● **What to do**: Return the run of lines below that opens with the line containing "API Steel Threading Coupling" and closes with the line containing "Wright, Chely - Let Me in", keeping each one exact.

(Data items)
====

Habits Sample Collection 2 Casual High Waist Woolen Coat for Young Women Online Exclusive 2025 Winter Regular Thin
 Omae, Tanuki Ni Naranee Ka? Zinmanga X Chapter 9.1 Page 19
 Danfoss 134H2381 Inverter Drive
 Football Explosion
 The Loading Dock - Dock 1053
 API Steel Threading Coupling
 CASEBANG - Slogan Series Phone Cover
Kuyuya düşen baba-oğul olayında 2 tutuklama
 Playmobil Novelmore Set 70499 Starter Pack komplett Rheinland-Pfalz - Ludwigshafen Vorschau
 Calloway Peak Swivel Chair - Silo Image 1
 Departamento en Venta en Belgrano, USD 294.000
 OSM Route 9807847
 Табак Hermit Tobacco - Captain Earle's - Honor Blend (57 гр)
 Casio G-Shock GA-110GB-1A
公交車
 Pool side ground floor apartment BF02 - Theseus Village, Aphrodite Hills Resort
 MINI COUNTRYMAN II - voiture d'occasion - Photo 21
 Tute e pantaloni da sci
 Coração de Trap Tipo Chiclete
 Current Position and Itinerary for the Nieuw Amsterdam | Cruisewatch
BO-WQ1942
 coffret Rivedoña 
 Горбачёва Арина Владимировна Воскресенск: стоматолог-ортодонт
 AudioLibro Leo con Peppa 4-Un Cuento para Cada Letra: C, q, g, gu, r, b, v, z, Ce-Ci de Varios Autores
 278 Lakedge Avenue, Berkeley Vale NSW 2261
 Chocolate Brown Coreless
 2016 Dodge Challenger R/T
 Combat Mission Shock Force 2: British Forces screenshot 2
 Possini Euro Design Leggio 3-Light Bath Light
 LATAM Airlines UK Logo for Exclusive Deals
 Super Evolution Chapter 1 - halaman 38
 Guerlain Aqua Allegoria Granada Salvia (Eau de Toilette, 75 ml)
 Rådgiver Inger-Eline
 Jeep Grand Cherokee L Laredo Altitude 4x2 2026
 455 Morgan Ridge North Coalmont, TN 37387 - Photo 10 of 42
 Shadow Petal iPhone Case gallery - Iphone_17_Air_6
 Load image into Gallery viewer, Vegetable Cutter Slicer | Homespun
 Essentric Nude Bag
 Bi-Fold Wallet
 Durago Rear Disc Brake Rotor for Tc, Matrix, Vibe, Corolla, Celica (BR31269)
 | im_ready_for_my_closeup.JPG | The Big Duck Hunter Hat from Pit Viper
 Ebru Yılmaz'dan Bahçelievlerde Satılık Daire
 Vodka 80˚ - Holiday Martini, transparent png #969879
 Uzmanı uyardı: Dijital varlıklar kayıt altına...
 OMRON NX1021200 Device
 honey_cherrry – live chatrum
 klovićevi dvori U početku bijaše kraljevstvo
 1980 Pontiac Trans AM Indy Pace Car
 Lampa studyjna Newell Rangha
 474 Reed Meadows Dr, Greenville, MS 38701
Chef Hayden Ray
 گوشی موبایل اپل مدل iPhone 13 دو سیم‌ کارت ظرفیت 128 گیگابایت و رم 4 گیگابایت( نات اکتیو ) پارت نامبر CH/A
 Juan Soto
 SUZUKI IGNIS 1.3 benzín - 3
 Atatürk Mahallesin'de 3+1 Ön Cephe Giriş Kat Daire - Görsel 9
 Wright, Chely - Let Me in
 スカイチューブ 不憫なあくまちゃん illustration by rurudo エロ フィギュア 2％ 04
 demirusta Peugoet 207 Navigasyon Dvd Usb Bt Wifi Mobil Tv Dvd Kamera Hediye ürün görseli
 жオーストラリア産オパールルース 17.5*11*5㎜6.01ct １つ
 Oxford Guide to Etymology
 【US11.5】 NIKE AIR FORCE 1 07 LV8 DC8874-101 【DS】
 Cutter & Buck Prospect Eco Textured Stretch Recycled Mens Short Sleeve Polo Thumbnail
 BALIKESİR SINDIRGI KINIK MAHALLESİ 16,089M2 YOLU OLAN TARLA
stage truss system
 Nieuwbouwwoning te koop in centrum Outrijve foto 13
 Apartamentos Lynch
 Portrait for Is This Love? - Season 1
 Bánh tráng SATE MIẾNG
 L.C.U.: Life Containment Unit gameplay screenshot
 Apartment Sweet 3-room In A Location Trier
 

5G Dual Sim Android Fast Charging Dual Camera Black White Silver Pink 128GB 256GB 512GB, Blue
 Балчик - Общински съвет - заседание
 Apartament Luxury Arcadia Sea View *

====

● **Completed task**:
 API Steel Threading Coupling
 CASEBANG - Slogan Series Phone Cover
Kuyuya düşen baba-oğul olayında 2 tutuklama
 Playmobil Novelmore Set 70499 Starter Pack komplett Rheinland-Pfalz - Ludwigshafen Vorschau
 Calloway Peak Swivel Chair - Silo Image 1
 Departamento en Venta en Belgrano, USD 294.000
 OSM Route 9807847
 Табак Hermit Tobacco - Captain Earle's - Honor Blend (57 гр)
 Casio G-Shock GA-110GB-1A
公交車
 Pool side ground floor apartment BF02 - Theseus Village, Aphrodite Hills Resort
 MINI COUNTRYMAN II - voiture d'occasion - Photo 21
 Tute e pantaloni da sci
 Coração de Trap Tipo Chiclete
 Current Position and Itinerary for the Nieuw Amsterdam | Cruisewatch
BO-WQ1942
 coffret Rivedoña 
 Горбачёва Арина Владимировна Воскресенск: стоматолог-ортодонт
 AudioLibro Leo con Peppa 4-Un Cuento para Cada Letra: C, q, g, gu, r, b, v, z, Ce-Ci de Varios Autores
 278 Lakedge Avenue, Berkeley Vale NSW 2261
 Chocolate Brown Coreless
 2016 Dodge Challenger R/T
 Combat Mission Shock Force 2: British Forces screenshot 2
 Possini Euro Design Leggio 3-Light Bath Light
 LATAM Airlines UK Logo for Exclusive Deals
 Super Evolution Chapter 1 - halaman 38
 Guerlain Aqua Allegoria Granada Salvia (Eau de Toilette, 75 ml)
 Rådgiver Inger-Eline
 Jeep Grand Cherokee L Laredo Altitude 4x2 2026
 455 Morgan Ridge North Coalmont, TN 37387 - Photo 10 of 42
 Shadow Petal iPhone Case gallery - Iphone_17_Air_6
 Load image into Gallery viewer, Vegetable Cutter Slicer | Homespun
 Essentric Nude Bag
 Bi-Fold Wallet
 Durago Rear Disc Brake Rotor for Tc, Matrix, Vibe, Corolla, Celica (BR31269)
 | im_ready_for_my_closeup.JPG | The Big Duck Hunter Hat from Pit Viper
 Ebru Yılmaz'dan Bahçelievlerde Satılık Daire
 Vodka 80˚ - Holiday Martini, transparent png #969879
 Uzmanı uyardı: Dijital varlıklar kayıt altına...
 OMRON NX1021200 Device
 honey_cherrry – live chatrum
 klovićevi dvori U početku bijaše kraljevstvo
 1980 Pontiac Trans AM Indy Pace Car
 Lampa studyjna Newell Rangha
 474 Reed Meadows Dr, Greenville, MS 38701
Chef Hayden Ray
 گوشی موبایل اپل مدل iPhone 13 دو سیم‌ کارت ظرفیت 128 گیگابایت و رم 4 گیگابایت( نات اکتیو ) پارت نامبر CH/A
 Juan Soto
 SUZUKI IGNIS 1.3 benzín - 3
 Atatürk Mahallesin'de 3+1 Ön Cephe Giriş Kat Daire - Görsel 9
 Wright, Chely - Let Me in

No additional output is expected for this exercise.